Inhalt der Entscheidung
Der BGH hat das Urteil des Oberlandesgerichts Köln teilweise aufgehoben und die Sache zur erneuten Verhandlung und Entscheidung an das Berufungsgericht zurückverwiesen.
Anders als die Mehrzahl der Gerichte in den unteren Instanzen ist der BGH der Auffassung, dass bereits der bloße und ggf. nur kurzzeitige Verlust der Kontrolle über personenbezogene Daten einen immateriellen Schaden im Sinne von Art. 82 Abs. 1 DSGVO darstellen kann. Es sei nicht erforderlich, dass die Daten missbräuchlich verwendet wurden oder dass der Betroffene konkrete Beeinträchtigungen darlege. Anspruchsteller müssen laut BGH lediglich nachweisen, dass ihre Daten von einem Datenschutzvorfall betroffen waren.
Nicht abschließend entschieden hat der BGH, ob Facebook überhaupt einen Datenschutzverstoß begangen hat. Zwar geht der BGH davon aus, dass Facebook mit der – zwischenzeitlich veränderten - Standardeinstellung, die grundsätzlich alle Nutzer über ihre Telefonnummer auffindbar machte, den DS-GVO-Grundsatz der „Datenminimierung“ verletzt hat. Dem Berufungsgericht hat er aber aufgegeben zu prüfen, ob der Kläger eine wirksame Einwilligung für diese Einstellung erteilt hatte.
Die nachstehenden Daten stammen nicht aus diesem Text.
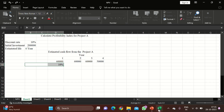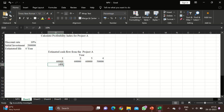I have given a problem where we can calculate the profitability index. There is a Project A where the discount rate is 10% and initial investment is 2 lakhs. The project is estimated to have a lifespan of 4 years. The cash flows from the project for 4 years are: 60,000 in year 1, 60,000 in year 2, 60,000 in year 3, and 50,000 in year 4. Now let us calculate the present value.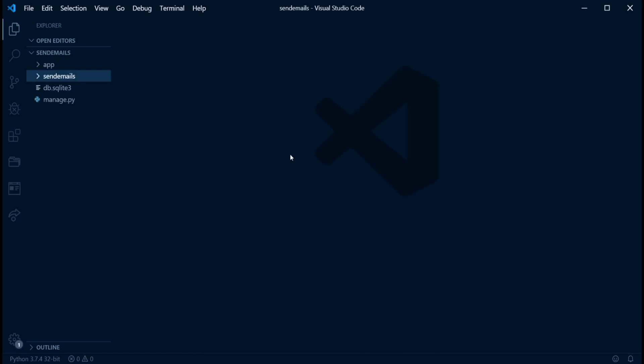Hi guys, welcome to this video. In this video, I'm going to be showing you how you can send emails using Django.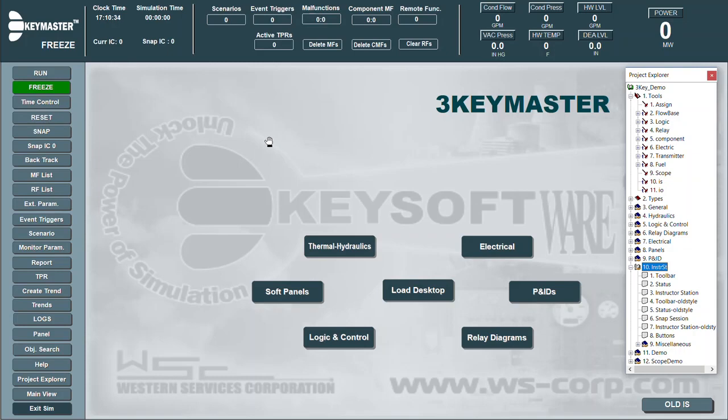These pages are typically edit protected, so changes can only be made when the simulator is loaded in Developer Mode.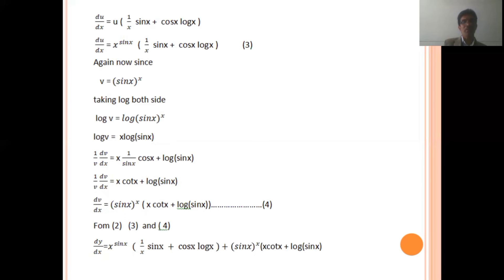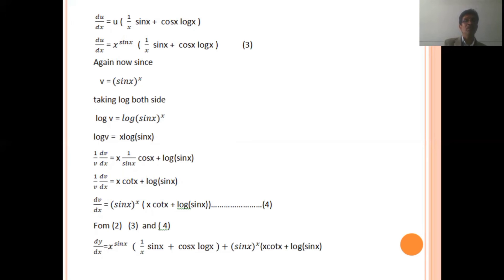Since v equal to sin x to the power x, taking log both sides: log v equal to log sin x to the power x. So, log v equal to x log sin x. Differentiating with respect to x on both sides: 1 upon v, dv upon dx, equal to x times 1 upon sin x times cos x, plus 1 times log sin x. So, 1 upon v, dv upon dx, equal to x cot x plus log sin x. By cross multiplication, since v equal to sin x to the power x: dv upon dx equal to sin x to the power x times (x cot x plus log sin x). This is equation number four.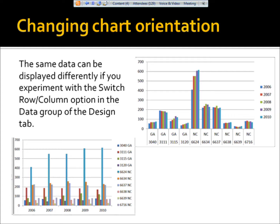By switching the row and column options, now you're looking at the same data, but you're looking at it differently. You're looking now at each of the stores as it relates to the various years.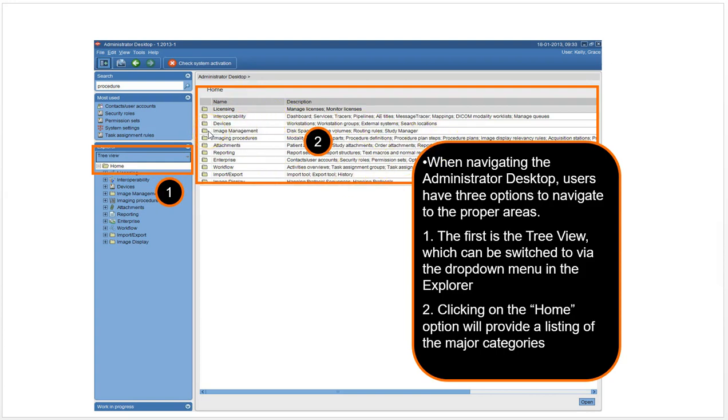You can't view images in the admin desktop. You can't really do the work of a technologist or radiologist or a medical secretary. It's all about configuration. So that is a quick overview of the different desktops and the roles and some of the functions within AGFA Enterprise Imaging. Thank you for watching.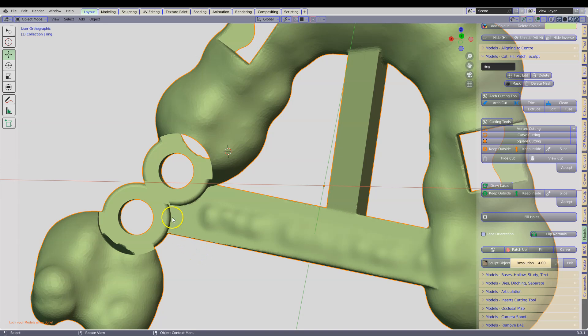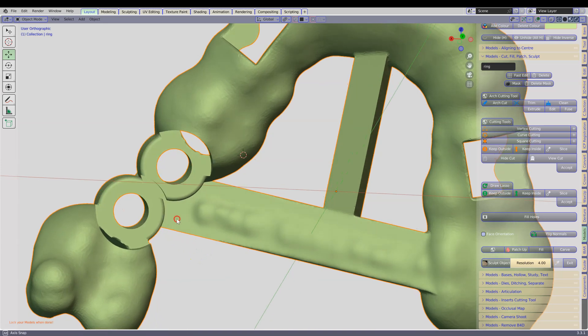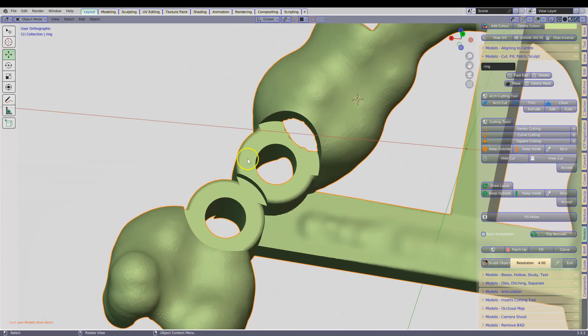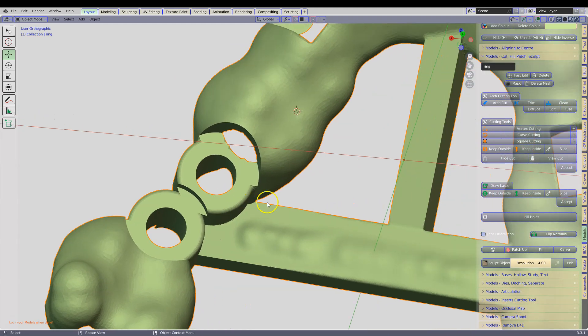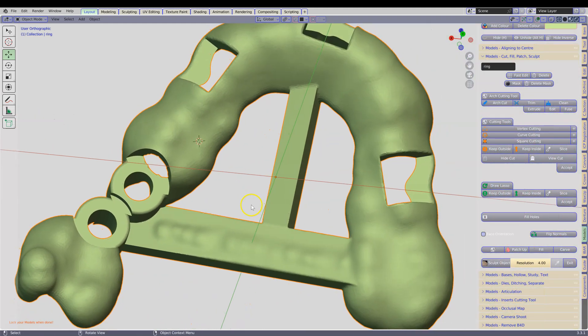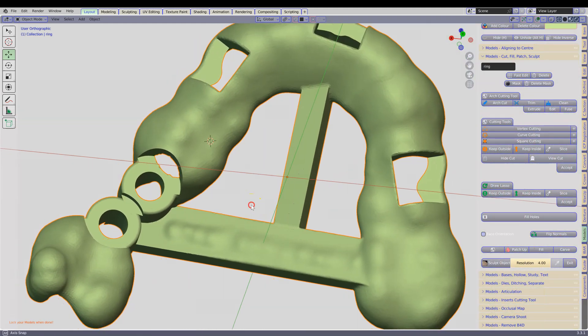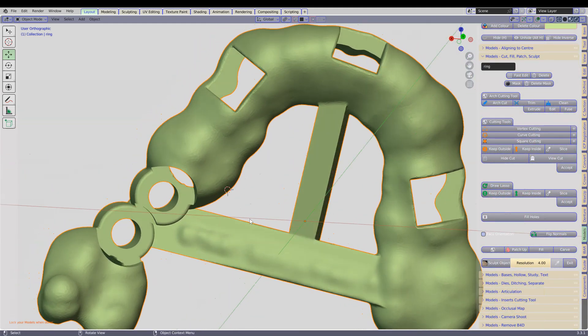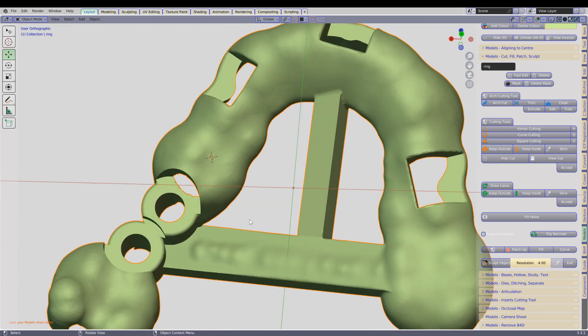We want to add metal inserts into this guide. By the way, this was made in Exoplan and then imported into Blender.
Auch bei der Frage der Höhe des ersatzfähigen Schadens hat es der BGH formal bei einem „Hinweis“ an die Vorinstanz belassen. Dessen Inhalt dürfte allerdings weder beim Kläger noch bei anderen betroffenen Facebook-Nutzern für große Freude sorgen. Der BGH beziffert den angemessenen Ausgleich für Schäden durch bloßen Kontrollverlust über personenbezogene Daten auf etwa 100 Euro. Das ist nur ein Bruchteil der Klageforderung und dürfte nicht nur den Kläger zu der Frage veranlassen, ob sich der Aufwand eines mehrjährigen Rechtsstreits für ein solches „Taschengeld“ gelohnt hat. Dass der BGH zugleich eine Ersatzpflicht von Facebook für zukünftig noch eintretende weitere materielle oder immaterielle Schäden infolge des Datenschutzvorfalls ausdrücklich für möglich hält, dürfte für den Kläger ein eher schwacher Trost sein.
Einordnung
Die Entscheidung des BGH hat erhebliche Bedeutung weit über die Welt der sozialen Netzwerke hinaus. Jedes Unternehmen, das in größerem Umfang mit personenbezogenen Daten von Kunden oder Beschäftigten umgeht, lebt mit einer ständig wachsenden Bedrohung durch Cyberangriffe. Eine technische Fehlkonfiguration oder die Unachtsamkeit eines Mitarbeiters oder Dienstleisters genügen, um den teilweise hochprofessionell arbeitenden Cyberkriminellen Zugriff auf die Unternehmensdatenbestände zu eröffnen. Obwohl sie selbst Opfer einer Straftat sind, haften Unternehmen nach der DS-GVO für die durch solche Datendiebstähle bei den betroffenen Kunden und Mitarbeitern entstandenen materiellen und immateriellen Schäden, wenn sie nicht beweisen können, dass sie alle DS-GVO Vorgaben erfüllt haben und in keiner Weise für die Datenschutzverletzung verantwortlich sind. Dieser Nachweis wird in der Praxis oft nicht gelingen.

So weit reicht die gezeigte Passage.